Michigan head coach Jim Harbaugh is not being implicated by the NCAA in the alleged sign-stealing scandal at Michigan.
According to Ross Dellenger and Dan Wetzel of Yahoo Sports, "The NCAA's findings do not connect the in-person scouting and recording of opponents' sidelines to Harbaugh, sources say, an absence of evidence essential to a potential lawsuit from the school and coach against the league."
However, Big Ten commissioner Tony Petitti is considering a multigame suspension for Harbaugh and "has faced internal pressure from league coaches and administrators to take action against the Wolverines before the NCAA investigation has completed," per Yahoo Sports' report.

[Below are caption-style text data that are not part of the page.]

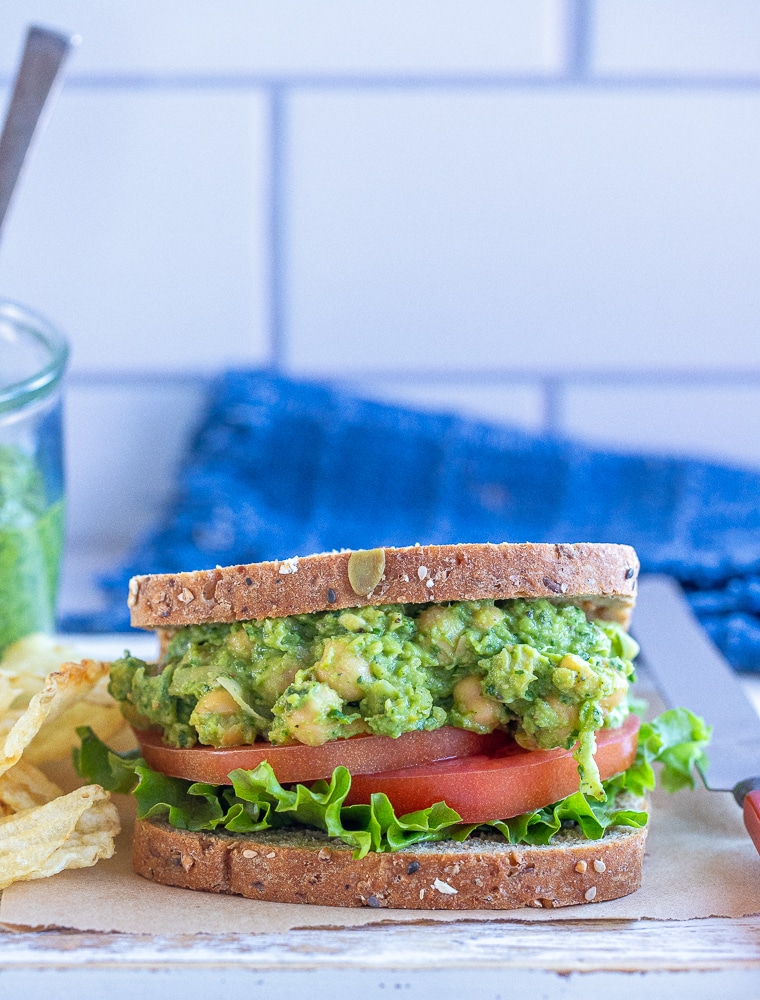 avocado pesto chickpea sandwich with potato chips on a cutting board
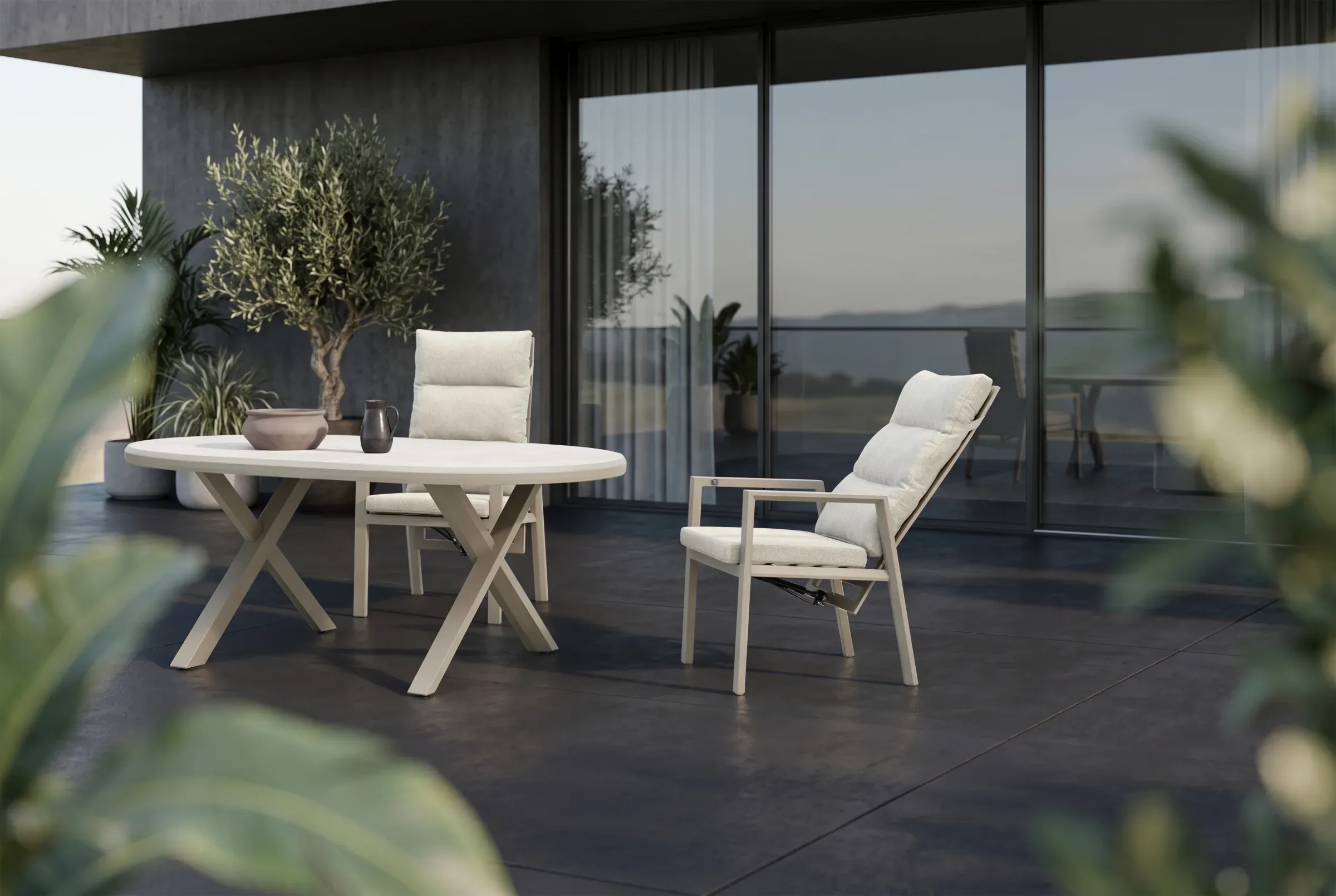 Linear Oval Dining Table arranged in an outdoor setting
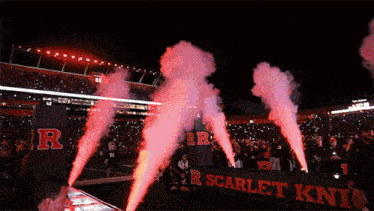 red smoke coming out of a scarlet knit sign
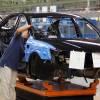 A worker in a car assembly plant putting a car together.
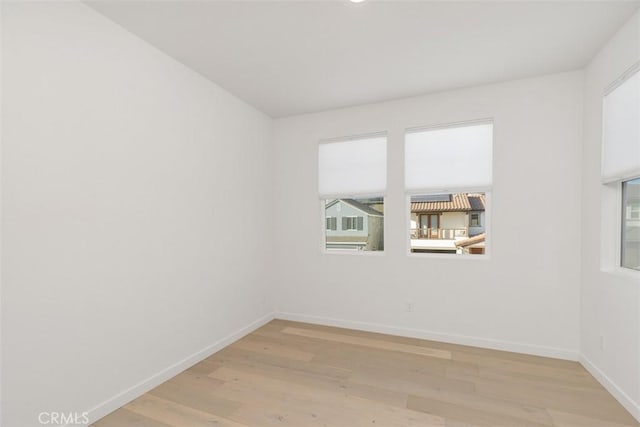 empty room with plenty of natural light and light hardwood / wood-style flooring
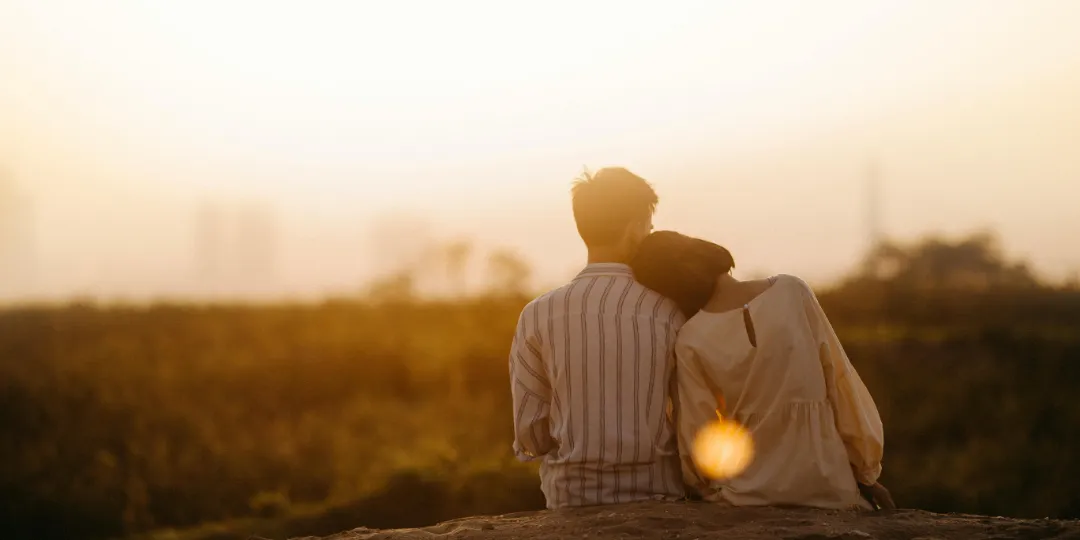 couple watching the sunset over a meadow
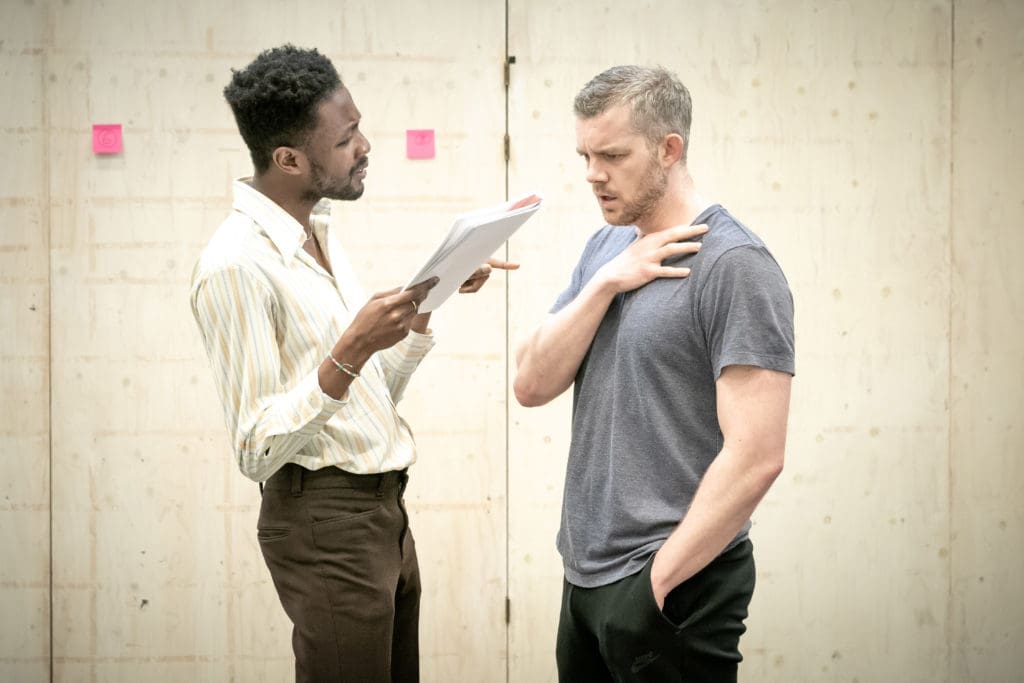 Omari Douglas and Russell Tovey. Photo by Marc Brenner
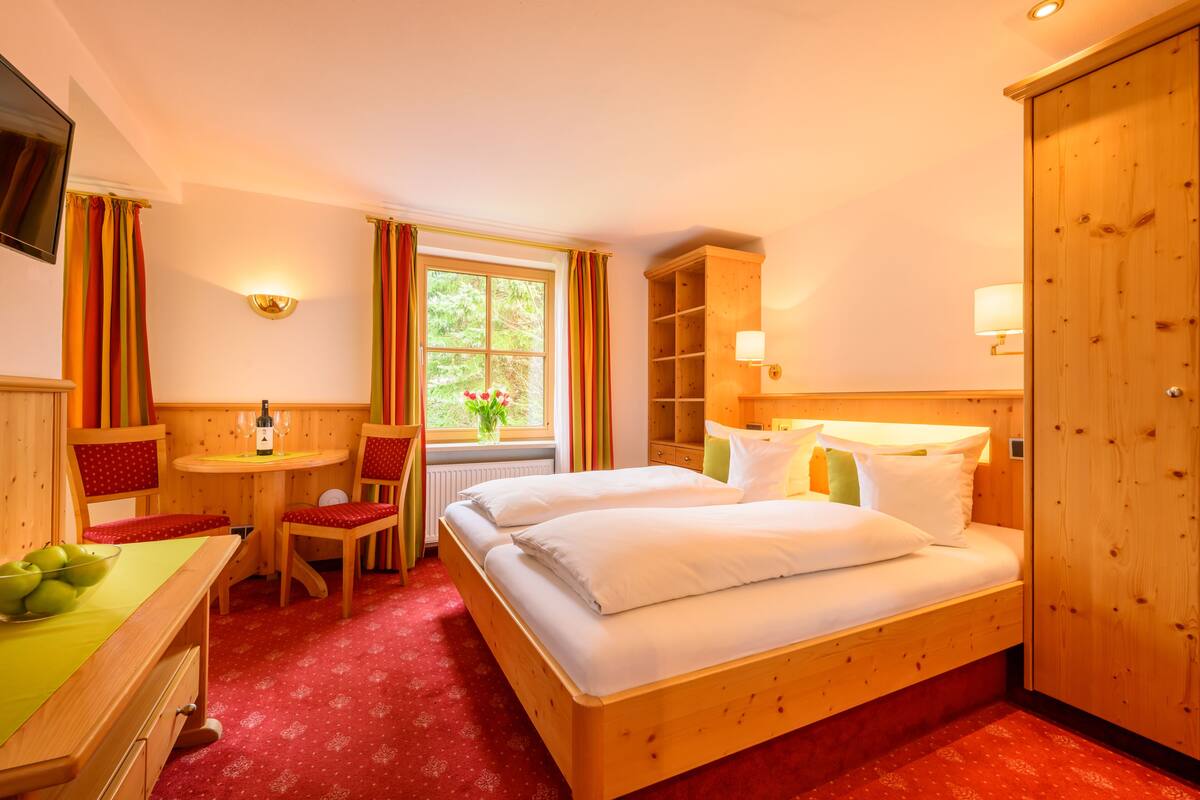 Una camera d'albergo con un letto di legno, una scrivania con una sedia, un tavolino e una finestra con tende.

Petitti and a number of Big Ten athletic directors and presidents have spent the past two weeks discussing potential punishments, which would fall under the purview of the sportsmanship policy, granting the commissioner the right to take punitive action for potential infractions that threaten the "integrity of competition" within the "competitive arena."
According to Yahoo Sports, both Michigan and Harbaugh are expected to take legal action against the Big Ten if any suspension for the head coach is levied.
At the center of the scandal is former Michigan analyst Connor Stalions, who allegedly performed in-person scouting at games involving future Wolverines opponents in an effort to steal their signs.
Stalions said Friday that he resigned:
Michigan may be on the other side of a sign-stealing scandal as well, as a former employee from a Big Ten football program told the Associated Press that "it was his job to steal signs and he was given details from multiple league schools to compile a spreadsheet of play-calling signals used by Michigan last year."
That person told the AP he shared both the spreadsheet and "screenshots of text-message exchanges with staffers at other Big Ten schools" with Michigan.
Harbaugh and his Wolverines program remain embattled with the NCAA on an entirely separate manner, as the head coach is being investigated for alleged recruiting violations.
A potential settlement between the sides on a four-game suspension was rejected by the NCAA Committee on Infractions in August, though Michigan self-imposed a three-game suspension for the head coach to start the 2023 season.